9. Go feral. Rather than “perennial vegetables,” which are notoriously low yield (and often not too palatable) make your garden easy-care by planting vegetable types which are likely to reproduce abundantly and go wild in your location. Then, allow them to complete their full life cycle so that they provide you with abundant offspring!
10. Group similar needs together. Put drought-tolerant black-eyed peas with drought-tolerant Mediterranean herbs. Put high-water lettuces with other high-water plants. Observe microclimates and use them as a tool. If a tall tree gives you a shady spot, use that as the place for summer lettuces and leafy vegetables. If you have bright searing sun, use that spot for heat-loving peppers and drought-tolerant vegetable varieties.

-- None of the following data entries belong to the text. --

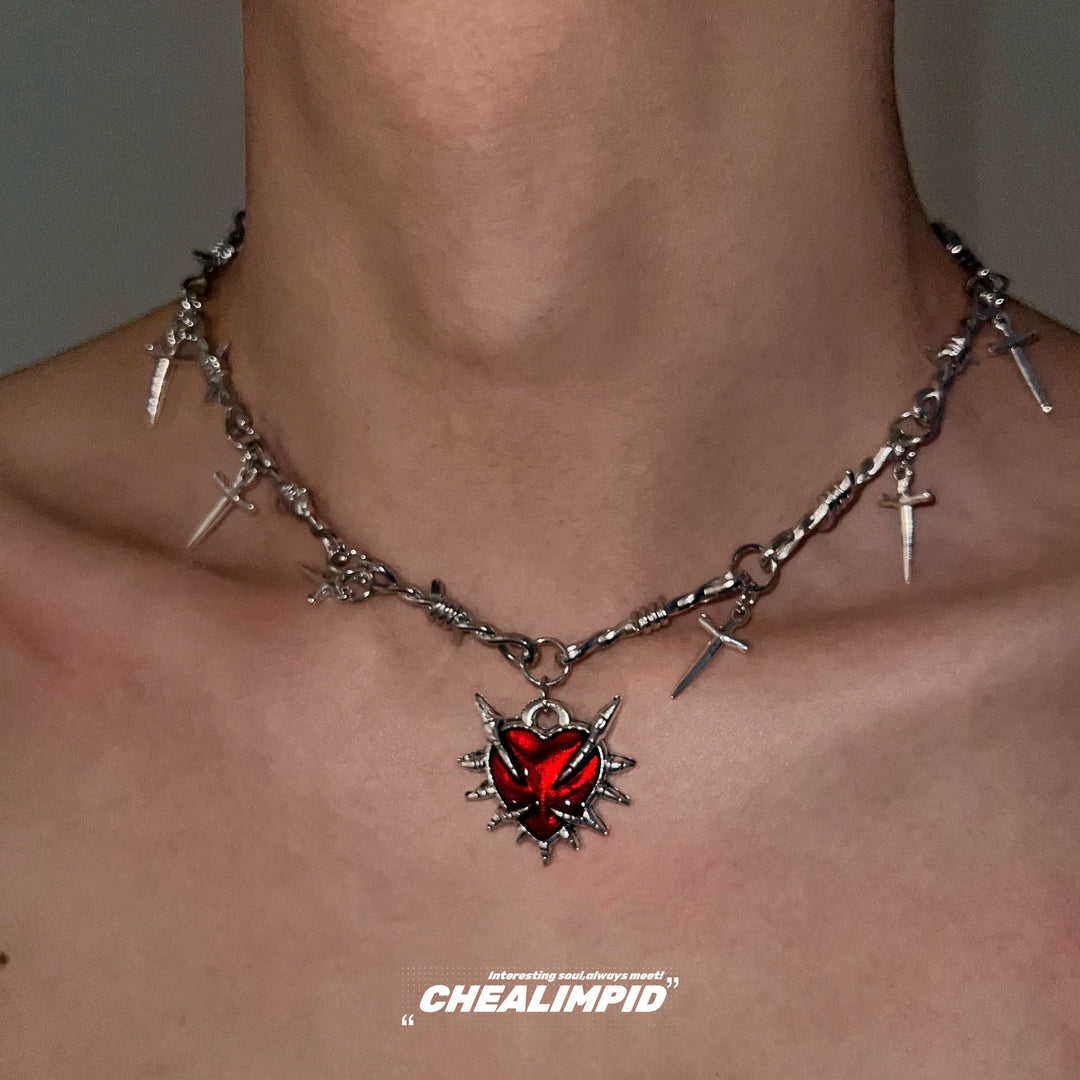 Heart Pendant Punk Cross Clavicle Necklace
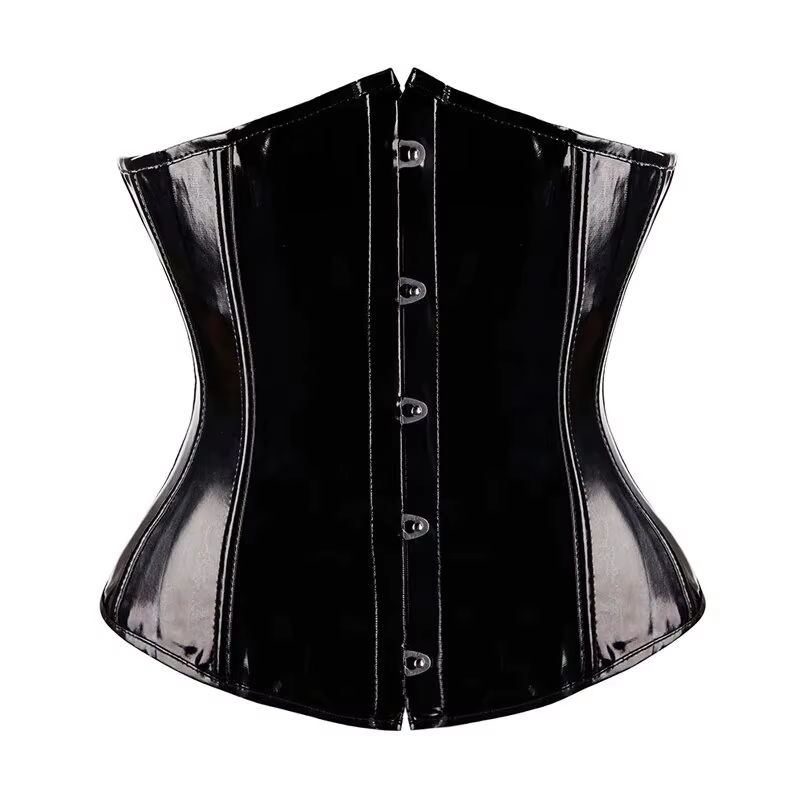 Corset en vinyle PVC noir pour femme, bustier push-up sous le buste, bustier désossé, goth punk, bus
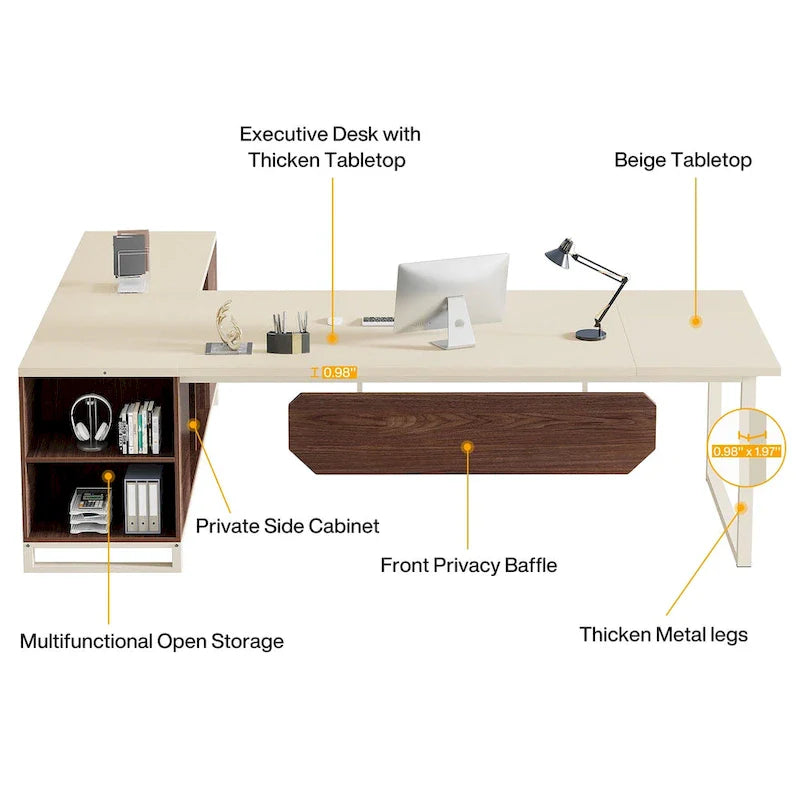 Rustic Brown L-Shaped Desk with File Cabinet, Single-Person Home Office Desk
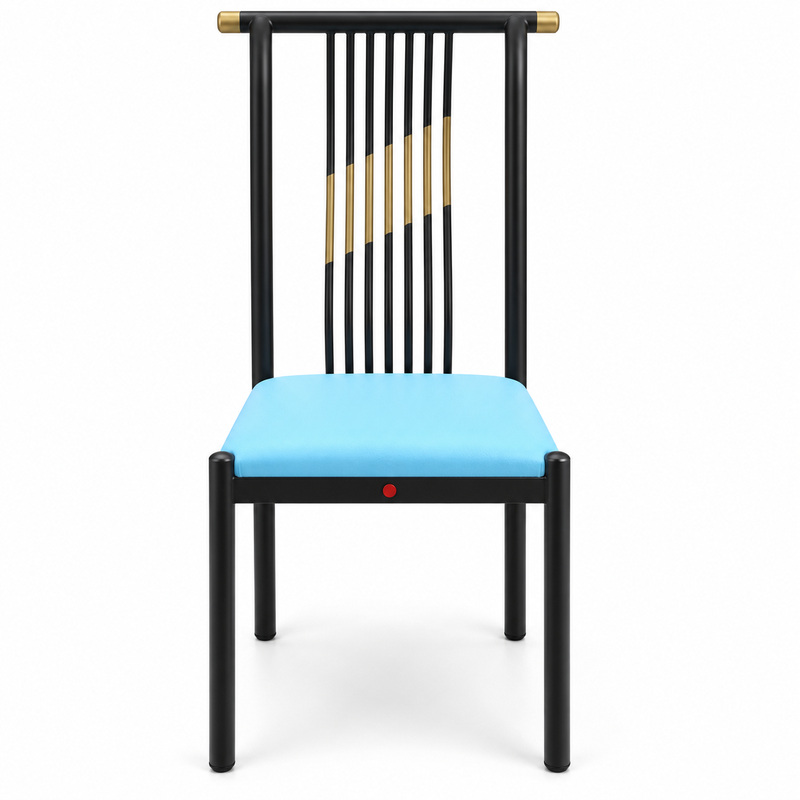 JYX-123 Blue Seat Black Slat-Back Dining Chair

11. Go vertical. Use trellises to train vines upward so that you can plant underneath. Use forest garden layering to grow food in 3 dimensions rather than just on a flat plane.
12. Use containers to supplement your garden space. You can increase the square footage of your growing area by clustering pots together in corners of a patio or along walkways.

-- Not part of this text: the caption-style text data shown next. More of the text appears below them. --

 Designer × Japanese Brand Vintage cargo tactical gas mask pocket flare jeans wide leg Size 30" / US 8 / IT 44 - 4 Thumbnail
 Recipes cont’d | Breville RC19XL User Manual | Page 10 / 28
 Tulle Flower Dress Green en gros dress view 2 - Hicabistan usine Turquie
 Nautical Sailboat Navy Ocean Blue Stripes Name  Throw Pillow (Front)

13. Pick functional flowers like beneficial insect attractant flowers and edible flowers. Let some vegetables go to seed -- their flowers are pretty, they bring in “the good bugs,” plus you’ll have a sustainable source of vegetable seed. Also consider colored heirloom vegetable plants – like red-leafed lettuces, rainbow chard, or purple-podded snowpeas – rather than just ornamental flower plants.

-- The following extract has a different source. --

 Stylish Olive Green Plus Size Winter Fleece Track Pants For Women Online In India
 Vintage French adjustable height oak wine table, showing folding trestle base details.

14. Use art and design principles. In your layout, use symmetry and asymmetry. Notice how vegetable leaves and plant structure provide enormous varieties of color, texture, and form. Undulate your pathway lines. Go 3D. Use the open space of patios and living space, and offset it with intensely-filled vegetable beds.
15. Make it a space you want to visit often. And do so! Rather than marathon backbreaking sessions once-in-a-while, give your garden short tender-loving-care sessions on a set, regular schedule.